Hamann insiste en otro detalle clave: la vida fuera del césped. Kane se ha asentado. Su esposa y sus hijos están cómodos en la ciudad, integrados en una rutina que, para un futbolista de élite, pesa tanto como el salario o los títulos. Cuando un delantero de su nivel se siente en casa, los clubes lo saben: hay que mover cielo y tierra para retenerlo. “Si muestra cualquier señal de querer quedarse, el club hará prácticamente todo lo posible para que siga aquí”, resume el exinternacional alemán.
La lectura de futuro es contundente. Hamann no percibe en Kane intención alguna de regresar a la Premier League. Y apunta a un razonamiento difícil de rebatir: si su gran obsesión hubiera sido batir el récord de Alan Shearer, nunca habría dejado Inglaterra para fichar por el Bayern. El simple hecho de haber cruzado el Canal fue ya una declaración de prioridades. Títulos, escenario europeo, legado internacional.
A sus 33 años, el inglés aún tiene gasolina para competir en la élite varias temporadas. Y en Múnich lo adoran. Se ha convertido en ídolo de la grada, referencia de un ataque que gira a su alrededor y rostro internacional de una liga que necesitaba una figura global de ese calibre. Un capitán de Inglaterra liderando al gigante bávaro: un mensaje potente para el resto de Europa.

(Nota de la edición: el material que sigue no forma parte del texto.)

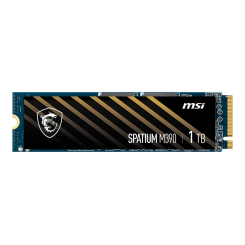 Ssd-диск MSI SPATIUM M390 3D NAND TLC 1TB M.2 (2280 PCI-E) NVMe (S78-440L650-P83) (Восстановлено продавцом, 782601)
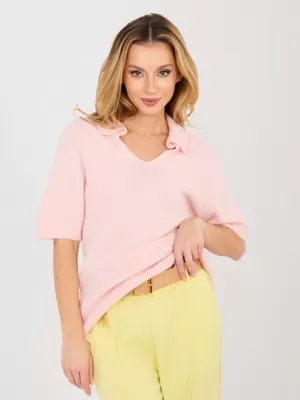 Dámský svetr ITALY MODA MI-SW-0120.16 BRIGHT PINK
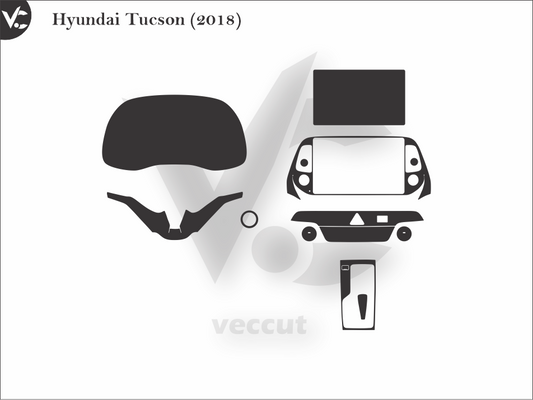 Hyundai Tucson (2018) Wrap Cutting Template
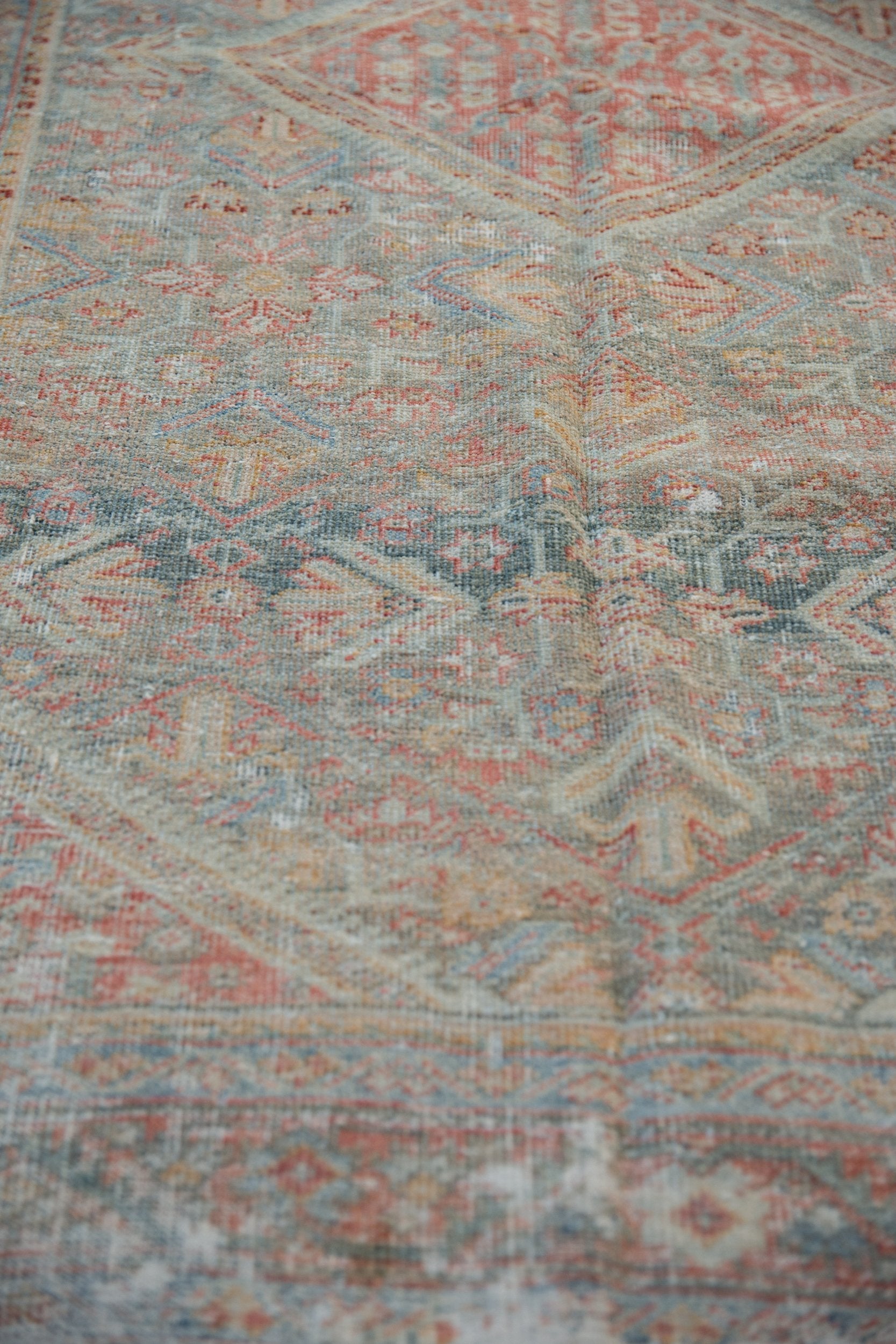 4x6.5 Vintage Distressed Mahal Rug by Old New House® - product image 8 for Resin Society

Pero en el Bayern la palabra “leyenda” tiene un listón particular. No basta con marcar goles y levantar trofeos domésticos. La historia del club se escribe, sobre todo, en noches de Champions League. Ahí entra el matiz que introduce Hamann: si Kane quiere figurar junto a nombres como Oliver Kahn, Mehmet Scholl, Lothar Matthäus, Franz Beckenbauer, Stefan Effenberg, Arjen Robben, Franck Ribéry o Robert Lewandowski, hay una condición casi innegociable. Hay que ganar la Champions.
Es la vara de medir en Säbener Straße. Todos esos apellidos que resuenan en los pasillos del Allianz Arena tienen algo en común: levantaron la Orejona con el Bayern. Se asociaron para siempre a una imagen, a una final, a un título que trasciende generaciones. Kane, por ahora, se ha ganado el cariño, el respeto y la admiración. Es embajador perfecto del club y del fútbol inglés en Alemania: profesional intachable, sin escándalos fuera del campo, líder por ejemplo y no por estruendo.

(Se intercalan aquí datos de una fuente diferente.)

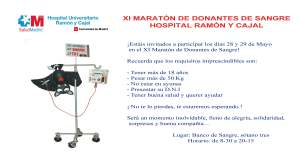 Presentación XI Maratón Donantes de Sangre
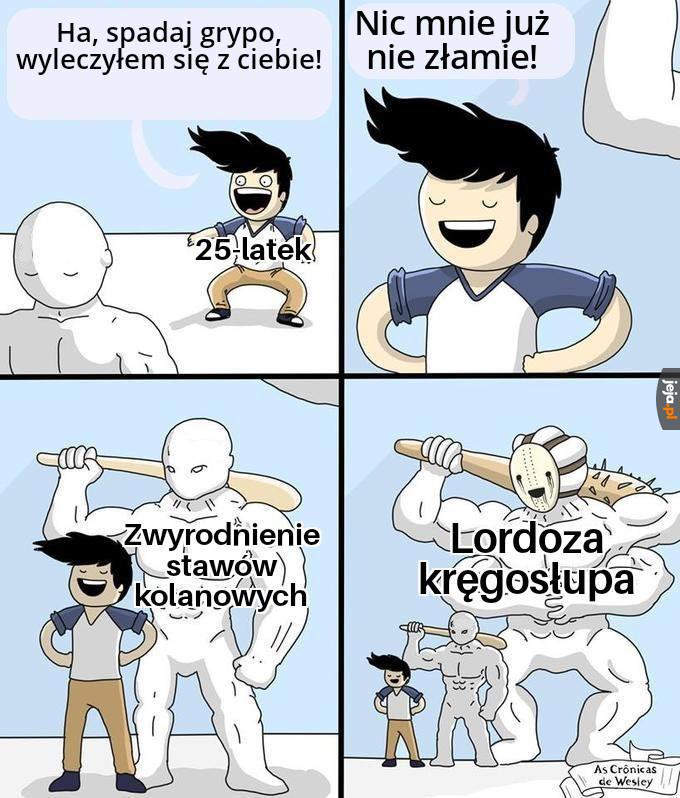 Grało się w gry godzinami, więc teraz kręgosłup boli od siedzenia za biurkiem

Pero el salto de ídolo a mito exige una noche grande en Europa. Un gol en una semifinal, una final decidida con su firma, una campaña en la que el Bayern vuelva a la cima continental con el inglés como estandarte. Esa es la pieza que falta en un currículum ya deslumbrante.
El club quiere que se quede. El jugador parece cómodo, competitivo, lejos de la nostalgia por la Premier. La Bundesliga se ha acostumbrado a ver su nombre cada fin de semana en el marcador. El siguiente paso ya no se mide en cifras, sino en una sola copa de plata y orejas gigantes.
Si Kane decide firmar ese nuevo contrato y atarse un par de años más al Bayern, no solo prolongará su racha goleadora. Se dará la oportunidad de responder a la única pregunta que le queda por delante: ¿será recordado como uno de los grandes delanteros de su tiempo, o como uno de los grandes de la historia del Bayern? La respuesta, como siempre, estará en el área y en las noches de Champions.